Before participants were included in the study, susceptibility to rifampin was ascertained with the Genotype MTBDRplus line probe assay (Hain, Nehren, Germany). For endpoint assessments, sputum was collected for 16 consecutive hours overnight for 2 days prior to study therapy initiation and daily from day 1 to 14 during therapy. Sputum samples were kept at 2 to 8°C before transport to the central laboratory at the Department of Medical Biochemistry, Faculty of Health Sciences, Stellenbosch University, Cape Town. For time to positivity (TTP) measurement, sputum was homogenized by magnetic stirring, decontaminated with NaOH-NALC (AlphaTec NAC-PAC Red; AlphaTec, Vancouver, WA, USA), and incubated in duplicate in a standardized liquid culture system (Bactec MGIT 960; BD, Franklin Lakes, NJ, USA). TTP was recorded in hours. Additionally, homogenized nondecontaminated sputum was inoculated in 10-fold dilutions in quadruplicate onto 7H11S agar plates (BD) made selective with the addition of Selecatab (MAST, Merseyside, UK) and incubated for 3 to 4 weeks for CFU counting.
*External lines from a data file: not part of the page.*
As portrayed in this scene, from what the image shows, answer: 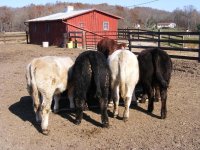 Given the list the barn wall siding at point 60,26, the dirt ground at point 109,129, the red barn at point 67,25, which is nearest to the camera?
the dirt ground at point 109,129

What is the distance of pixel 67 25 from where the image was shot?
94.0 ft

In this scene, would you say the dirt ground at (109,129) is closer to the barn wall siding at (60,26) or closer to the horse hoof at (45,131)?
the horse hoof at (45,131)

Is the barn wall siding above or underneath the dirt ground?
above

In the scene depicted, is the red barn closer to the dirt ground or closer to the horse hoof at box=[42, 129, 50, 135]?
the dirt ground

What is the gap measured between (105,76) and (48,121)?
58.0 inches

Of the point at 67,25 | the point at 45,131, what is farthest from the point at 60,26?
the point at 45,131

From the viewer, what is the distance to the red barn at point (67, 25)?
29188 millimetres

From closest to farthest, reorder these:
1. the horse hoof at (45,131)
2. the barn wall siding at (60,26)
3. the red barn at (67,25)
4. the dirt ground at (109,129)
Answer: the dirt ground at (109,129)
the horse hoof at (45,131)
the red barn at (67,25)
the barn wall siding at (60,26)

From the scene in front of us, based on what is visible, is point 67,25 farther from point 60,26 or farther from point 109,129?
point 109,129

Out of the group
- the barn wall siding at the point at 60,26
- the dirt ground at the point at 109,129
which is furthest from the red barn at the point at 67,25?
the dirt ground at the point at 109,129

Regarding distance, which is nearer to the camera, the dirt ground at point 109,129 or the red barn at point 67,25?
the dirt ground at point 109,129

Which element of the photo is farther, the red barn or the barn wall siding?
the barn wall siding

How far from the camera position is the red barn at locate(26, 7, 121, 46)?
2919cm

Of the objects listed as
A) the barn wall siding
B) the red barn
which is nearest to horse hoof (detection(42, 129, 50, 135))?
the red barn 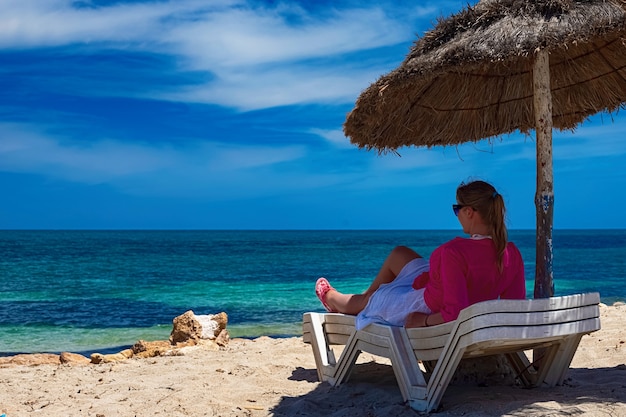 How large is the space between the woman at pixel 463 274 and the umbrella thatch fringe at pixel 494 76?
809 mm

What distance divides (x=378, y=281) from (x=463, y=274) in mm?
733

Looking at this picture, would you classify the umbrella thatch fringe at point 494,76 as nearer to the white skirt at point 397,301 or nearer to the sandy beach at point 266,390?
the white skirt at point 397,301

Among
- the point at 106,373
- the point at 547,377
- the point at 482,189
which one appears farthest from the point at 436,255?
the point at 106,373

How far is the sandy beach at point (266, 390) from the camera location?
360cm

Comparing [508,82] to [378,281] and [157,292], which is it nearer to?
[378,281]

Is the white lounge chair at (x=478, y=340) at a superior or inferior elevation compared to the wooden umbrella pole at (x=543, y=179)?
inferior

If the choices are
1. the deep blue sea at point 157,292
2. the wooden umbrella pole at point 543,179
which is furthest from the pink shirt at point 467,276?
the deep blue sea at point 157,292

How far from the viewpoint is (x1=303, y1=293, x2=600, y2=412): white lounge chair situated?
3127mm

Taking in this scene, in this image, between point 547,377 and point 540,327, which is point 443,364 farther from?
point 547,377

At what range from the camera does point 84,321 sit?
42.3ft

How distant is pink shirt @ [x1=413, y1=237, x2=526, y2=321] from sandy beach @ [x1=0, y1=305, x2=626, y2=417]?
581 millimetres

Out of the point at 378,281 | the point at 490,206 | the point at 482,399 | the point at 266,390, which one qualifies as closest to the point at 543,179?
the point at 490,206

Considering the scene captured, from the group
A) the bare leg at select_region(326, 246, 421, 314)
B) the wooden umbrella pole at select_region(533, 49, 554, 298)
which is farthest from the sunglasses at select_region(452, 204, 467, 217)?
the wooden umbrella pole at select_region(533, 49, 554, 298)

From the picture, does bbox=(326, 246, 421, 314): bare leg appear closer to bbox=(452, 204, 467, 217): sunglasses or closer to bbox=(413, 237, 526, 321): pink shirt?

Phenotypical susceptibility to first-line anti-TB agents was ascertained with the mycobacterial growth indicator tube (MGIT) system (BD). MICs of participants’ isolates to linezolid were assessed with the agar proportion method.

Blood draws for pharmacokinetic measurements occurred on day 14 of study therapy for all participants in the linezolid-containing treatment groups. Sampling occurred predose and at 0.5, 1, 2, 4, 8, 12, and 24 h postdose. At each time point, approximately 9 ml of blood was collected in a lithium-heparin blood collection tube, placed on ice, and centrifuged within 45 min of collection in a refrigerated centrifuge at 1,500 × g for 10 min. Plasma was then transferred into two polypropylene tubes and stored at –20°C until shipment and analyzed using a validated method. Pharmacodynamics were assessed by determining the percentage time over MIC (TMIC).

Statistical analyses.

This was an observational study with no prespecified hypothesis testing. Bactericidal activity was characterized by the daily percentage change in TTP and the daily rate of change in log10(CFU) count over 14 treatment days using Bayesian nonlinear mixed effects regression modeling (25, 26). This model was designed specifically for this type of data and can handle missing data due to contamination, early participant withdrawal, or culture conversion. The model accounts for correlations between the random intercepts and slopes over time (e.g., bacterial load at baseline is typically associated with the rate of change in CFU count or TTP over time [27]). Dose response was assessed using the Jonckheere-Terpstra (J-T) test (28). For safety and tolerability endpoints, we determined the incidence and severity of adverse events. Pharmacokinetic parameters included maximum linezolid plasma concentration (Cmax), time of Cmax (Tmax), area under the plasma concentration-time curve over the dosing intervals [AUC(0–tau)], from zero to 24 h [AUC(0–24)], and until 168 h [AUC(0–168)] for the three-times-weekly dosing group, as well as the average plasma concentration over the total dosing interval (Cavg). Spearman correlation coefficients were evaluated between 14-day bactericidal activity and Cmax, Cavg, AUC(0–24), TMIC, time over MPS IC50, Cmax/MIC, Cavg/MIC, and AUC(0–24)/MIC. Pharmacokinetic (PK) indices were calculated using Phoenix WinNonlin (Certara, Princeton, NJ, USA).